What is the underlying idea behind the probit model? Explain how parameters are estimated in the probit model.

Introduction

In econometrics, many real-world situations involve binary outcomes — for example, whether a person purchases a product (yes or no), passes an exam (pass/fail), or defaults on a loan (default/no default). These binary dependent variable models require special treatment. One of the most widely used models for such data is the probit model.

What is the Probit Model?

The probit model is a type of regression where the dependent variable is binary, typically taking values of 0 and 1. The model assumes there is an underlying (unobserved) continuous latent variable that determines the observed binary outcome.

Latent Variable Framework

Let the model be defined as:

Y_i* = X_iβ + ε_i

Where:

Y_i* is an unobserved (latent) variable
X_i is a vector of explanatory variables
β is a vector of coefficients
ε_i ~ N(0,1) (normally distributed error term)

The observed binary variable Y_i is defined as:

Y_i = 1 if Y_i* > 0
Y_i = 0 if Y_i* ≤ 0

Thus, the probability that Y_i = 1 is:

P(Y_i = 1 | X_i) = Φ(X_iβ)

Where Φ(.) is the cumulative distribution function (CDF) of the standard normal distribution.

Why Use the Probit Model?

The probit model is preferred when we believe the unobserved error term follows a normal distribution. It is particularly useful for modeling decisions that follow a latent propensity structure, such as consumer choice or risk behavior.

Parameter Estimation in Probit Model

The coefficients in a probit model cannot be estimated using ordinary least squares (OLS) because the dependent variable is not continuous. Instead, we use the Maximum Likelihood Estimation (MLE) method.

1. Likelihood Function

Let Y_i be the observed binary outcome (0 or 1). The likelihood function for a single observation is:

P(Y_i = 1) = Φ(X_iβ)
P(Y_i = 0) = 1 – Φ(X_iβ)

The likelihood for the full sample is:

L(β) = ∏ [Φ(X_iβ)]^Y_i × [1 – Φ(X_iβ)]^{(1 − Y_i)}

2. Log-Likelihood Function

To simplify computation, the log of the likelihood function is taken:

ln L(β) = Σ [Y_i × ln Φ(X_iβ) + (1 − Y_i) × ln(1 − Φ(X_iβ))]

3. Maximization

The log-likelihood function is maximized with respect to β using numerical optimization algorithms (e.g., Newton-Raphson method) to obtain the maximum likelihood estimates.

Interpretation of Coefficients

The coefficients (β) from a probit model do not represent direct marginal effects. However, the sign of β tells us the direction of the relationship between X and the probability of success (Y=1).
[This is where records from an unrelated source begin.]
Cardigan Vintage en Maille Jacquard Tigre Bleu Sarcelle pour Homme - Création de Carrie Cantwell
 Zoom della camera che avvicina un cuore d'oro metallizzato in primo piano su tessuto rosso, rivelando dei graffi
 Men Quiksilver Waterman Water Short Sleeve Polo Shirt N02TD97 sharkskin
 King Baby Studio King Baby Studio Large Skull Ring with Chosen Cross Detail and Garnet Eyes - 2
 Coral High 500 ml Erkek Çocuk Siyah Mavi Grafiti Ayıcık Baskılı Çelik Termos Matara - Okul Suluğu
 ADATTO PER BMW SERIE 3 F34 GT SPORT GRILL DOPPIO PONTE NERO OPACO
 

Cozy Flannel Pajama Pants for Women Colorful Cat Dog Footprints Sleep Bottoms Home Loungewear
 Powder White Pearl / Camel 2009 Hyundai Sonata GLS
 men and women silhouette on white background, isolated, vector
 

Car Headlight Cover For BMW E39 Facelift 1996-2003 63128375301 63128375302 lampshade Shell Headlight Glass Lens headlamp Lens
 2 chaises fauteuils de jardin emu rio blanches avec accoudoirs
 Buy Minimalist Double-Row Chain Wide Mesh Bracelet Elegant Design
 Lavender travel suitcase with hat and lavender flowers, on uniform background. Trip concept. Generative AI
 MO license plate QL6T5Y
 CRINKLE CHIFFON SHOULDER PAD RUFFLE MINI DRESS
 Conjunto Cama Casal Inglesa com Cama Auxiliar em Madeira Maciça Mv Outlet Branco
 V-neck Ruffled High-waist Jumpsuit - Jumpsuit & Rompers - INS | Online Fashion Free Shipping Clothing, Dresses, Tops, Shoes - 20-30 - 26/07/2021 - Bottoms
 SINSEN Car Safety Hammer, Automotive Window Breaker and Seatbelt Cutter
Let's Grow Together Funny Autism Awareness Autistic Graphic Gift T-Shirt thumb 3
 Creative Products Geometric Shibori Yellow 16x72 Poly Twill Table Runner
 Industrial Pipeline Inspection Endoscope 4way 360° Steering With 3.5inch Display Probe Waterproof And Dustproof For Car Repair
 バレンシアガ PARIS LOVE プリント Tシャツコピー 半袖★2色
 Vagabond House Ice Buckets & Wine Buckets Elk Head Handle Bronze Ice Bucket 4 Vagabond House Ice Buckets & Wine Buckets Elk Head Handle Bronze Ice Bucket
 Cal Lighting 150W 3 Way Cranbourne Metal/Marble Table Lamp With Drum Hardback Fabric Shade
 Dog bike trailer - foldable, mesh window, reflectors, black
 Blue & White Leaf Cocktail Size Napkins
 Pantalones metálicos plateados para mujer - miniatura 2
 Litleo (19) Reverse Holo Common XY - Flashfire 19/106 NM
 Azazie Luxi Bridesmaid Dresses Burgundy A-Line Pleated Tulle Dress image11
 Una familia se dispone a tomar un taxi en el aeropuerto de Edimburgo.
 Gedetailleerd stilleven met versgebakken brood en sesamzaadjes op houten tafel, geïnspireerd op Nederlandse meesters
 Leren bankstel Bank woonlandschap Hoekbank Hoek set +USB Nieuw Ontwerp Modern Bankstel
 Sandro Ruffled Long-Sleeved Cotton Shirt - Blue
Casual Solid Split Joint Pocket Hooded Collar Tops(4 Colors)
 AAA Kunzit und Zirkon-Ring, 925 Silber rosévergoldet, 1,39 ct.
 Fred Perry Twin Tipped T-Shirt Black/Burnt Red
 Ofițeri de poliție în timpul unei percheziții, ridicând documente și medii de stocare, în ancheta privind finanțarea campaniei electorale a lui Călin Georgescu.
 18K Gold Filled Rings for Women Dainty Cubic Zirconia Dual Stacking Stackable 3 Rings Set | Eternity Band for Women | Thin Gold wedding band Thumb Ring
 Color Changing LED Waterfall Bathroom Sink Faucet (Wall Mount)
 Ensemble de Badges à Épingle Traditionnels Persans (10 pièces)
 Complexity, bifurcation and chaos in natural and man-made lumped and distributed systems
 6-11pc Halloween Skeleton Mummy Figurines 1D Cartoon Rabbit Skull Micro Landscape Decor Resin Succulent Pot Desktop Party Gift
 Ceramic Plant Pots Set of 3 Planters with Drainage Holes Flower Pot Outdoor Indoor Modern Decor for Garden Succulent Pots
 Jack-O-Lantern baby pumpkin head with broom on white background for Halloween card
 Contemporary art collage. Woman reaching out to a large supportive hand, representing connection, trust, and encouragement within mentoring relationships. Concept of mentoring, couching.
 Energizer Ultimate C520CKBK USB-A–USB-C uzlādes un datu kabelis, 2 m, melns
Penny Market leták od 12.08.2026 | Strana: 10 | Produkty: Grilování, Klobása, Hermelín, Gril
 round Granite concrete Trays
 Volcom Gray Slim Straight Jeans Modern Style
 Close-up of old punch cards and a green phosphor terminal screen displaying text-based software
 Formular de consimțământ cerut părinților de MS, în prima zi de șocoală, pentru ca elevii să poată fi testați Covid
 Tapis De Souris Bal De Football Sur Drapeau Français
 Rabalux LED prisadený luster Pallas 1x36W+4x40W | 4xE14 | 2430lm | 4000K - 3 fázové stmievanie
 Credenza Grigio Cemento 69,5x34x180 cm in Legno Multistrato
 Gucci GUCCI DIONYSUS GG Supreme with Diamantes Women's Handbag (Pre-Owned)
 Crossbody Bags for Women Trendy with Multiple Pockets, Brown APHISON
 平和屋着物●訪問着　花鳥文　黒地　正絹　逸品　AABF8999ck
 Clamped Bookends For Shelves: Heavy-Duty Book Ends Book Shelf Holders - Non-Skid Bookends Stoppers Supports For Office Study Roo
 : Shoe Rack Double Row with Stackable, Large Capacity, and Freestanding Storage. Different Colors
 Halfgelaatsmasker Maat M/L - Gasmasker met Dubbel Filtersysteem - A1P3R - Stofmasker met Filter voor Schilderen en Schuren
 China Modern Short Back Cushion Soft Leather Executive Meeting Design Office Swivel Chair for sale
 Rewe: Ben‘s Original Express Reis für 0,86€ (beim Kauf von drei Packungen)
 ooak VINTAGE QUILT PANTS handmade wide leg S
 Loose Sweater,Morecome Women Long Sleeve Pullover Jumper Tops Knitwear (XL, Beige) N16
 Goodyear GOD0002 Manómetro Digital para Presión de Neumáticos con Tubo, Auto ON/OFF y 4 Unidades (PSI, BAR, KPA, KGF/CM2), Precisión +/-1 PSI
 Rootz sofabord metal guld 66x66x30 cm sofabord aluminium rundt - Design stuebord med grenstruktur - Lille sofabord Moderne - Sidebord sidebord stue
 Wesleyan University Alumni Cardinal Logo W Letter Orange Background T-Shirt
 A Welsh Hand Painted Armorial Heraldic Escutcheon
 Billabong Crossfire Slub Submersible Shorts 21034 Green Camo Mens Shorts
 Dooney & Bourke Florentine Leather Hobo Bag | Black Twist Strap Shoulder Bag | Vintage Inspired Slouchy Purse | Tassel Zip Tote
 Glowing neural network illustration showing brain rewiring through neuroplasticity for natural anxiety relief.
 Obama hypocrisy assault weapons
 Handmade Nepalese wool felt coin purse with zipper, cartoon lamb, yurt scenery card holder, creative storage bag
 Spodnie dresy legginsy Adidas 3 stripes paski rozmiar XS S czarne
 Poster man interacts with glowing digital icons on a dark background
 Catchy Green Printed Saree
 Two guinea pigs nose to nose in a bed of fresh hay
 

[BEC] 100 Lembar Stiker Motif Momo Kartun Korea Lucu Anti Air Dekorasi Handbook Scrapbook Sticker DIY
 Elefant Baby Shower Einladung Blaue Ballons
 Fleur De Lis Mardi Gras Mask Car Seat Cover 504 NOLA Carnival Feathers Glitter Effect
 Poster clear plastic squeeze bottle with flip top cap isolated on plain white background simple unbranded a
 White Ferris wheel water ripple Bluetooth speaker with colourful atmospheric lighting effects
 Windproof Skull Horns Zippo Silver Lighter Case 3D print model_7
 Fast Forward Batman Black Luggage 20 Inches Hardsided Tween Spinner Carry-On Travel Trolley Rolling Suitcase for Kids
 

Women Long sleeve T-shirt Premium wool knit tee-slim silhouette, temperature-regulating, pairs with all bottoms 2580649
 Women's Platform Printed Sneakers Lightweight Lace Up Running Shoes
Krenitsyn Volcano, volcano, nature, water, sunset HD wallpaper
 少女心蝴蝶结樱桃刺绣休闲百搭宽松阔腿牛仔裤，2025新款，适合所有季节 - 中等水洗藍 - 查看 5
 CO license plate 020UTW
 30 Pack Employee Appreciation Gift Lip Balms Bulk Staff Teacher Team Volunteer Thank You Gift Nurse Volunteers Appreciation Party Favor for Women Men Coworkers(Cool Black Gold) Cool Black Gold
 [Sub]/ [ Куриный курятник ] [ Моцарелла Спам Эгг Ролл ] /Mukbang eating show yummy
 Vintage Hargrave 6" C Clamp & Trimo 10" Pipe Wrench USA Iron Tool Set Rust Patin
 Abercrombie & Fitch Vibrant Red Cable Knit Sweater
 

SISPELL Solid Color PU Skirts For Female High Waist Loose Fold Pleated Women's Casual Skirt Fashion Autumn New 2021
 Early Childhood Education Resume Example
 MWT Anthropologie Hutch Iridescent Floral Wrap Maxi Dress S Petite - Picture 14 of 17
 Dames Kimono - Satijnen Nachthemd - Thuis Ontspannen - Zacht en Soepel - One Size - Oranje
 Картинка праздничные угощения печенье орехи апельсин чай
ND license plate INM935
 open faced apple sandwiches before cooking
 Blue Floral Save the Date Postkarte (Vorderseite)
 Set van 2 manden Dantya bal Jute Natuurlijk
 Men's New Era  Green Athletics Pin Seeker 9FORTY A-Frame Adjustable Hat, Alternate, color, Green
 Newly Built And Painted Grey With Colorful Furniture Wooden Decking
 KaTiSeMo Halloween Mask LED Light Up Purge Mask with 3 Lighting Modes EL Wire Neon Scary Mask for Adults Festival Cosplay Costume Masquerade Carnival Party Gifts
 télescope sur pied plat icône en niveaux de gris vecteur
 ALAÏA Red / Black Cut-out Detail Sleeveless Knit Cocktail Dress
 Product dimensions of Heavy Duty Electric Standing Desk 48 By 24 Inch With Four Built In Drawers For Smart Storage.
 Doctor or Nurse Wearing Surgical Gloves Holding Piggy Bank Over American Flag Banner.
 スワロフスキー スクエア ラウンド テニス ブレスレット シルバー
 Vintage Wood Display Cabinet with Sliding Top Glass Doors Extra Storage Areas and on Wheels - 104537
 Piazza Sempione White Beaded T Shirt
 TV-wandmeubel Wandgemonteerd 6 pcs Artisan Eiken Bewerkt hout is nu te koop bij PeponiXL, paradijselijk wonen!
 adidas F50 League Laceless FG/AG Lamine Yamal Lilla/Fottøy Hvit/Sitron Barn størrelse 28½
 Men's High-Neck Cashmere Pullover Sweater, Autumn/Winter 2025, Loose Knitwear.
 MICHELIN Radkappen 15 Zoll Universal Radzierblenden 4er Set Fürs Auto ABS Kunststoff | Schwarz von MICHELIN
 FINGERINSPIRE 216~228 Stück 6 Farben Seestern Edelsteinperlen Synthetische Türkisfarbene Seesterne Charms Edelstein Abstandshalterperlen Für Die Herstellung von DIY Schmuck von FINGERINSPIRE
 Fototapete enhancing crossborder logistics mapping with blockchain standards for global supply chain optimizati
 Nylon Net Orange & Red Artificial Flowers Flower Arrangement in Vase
To compute marginal effects:

∂P(Y=1)/∂X_j = φ(Xβ) × β_j

Where φ(.) is the standard normal probability density function (PDF).

Applications

Modeling purchase decisions
Default risk modeling in banking
Labor market participation

Conclusion

The probit model is a powerful tool for analyzing binary outcomes. It assumes a normal distribution of the underlying latent variable and uses maximum likelihood estimation to determine model parameters. While coefficients are not directly interpretable, marginal effects provide the change in probability for a unit change in the explanatory variable. The probit model is widely applied across economics, finance, and social sciences for understanding decision-making processes.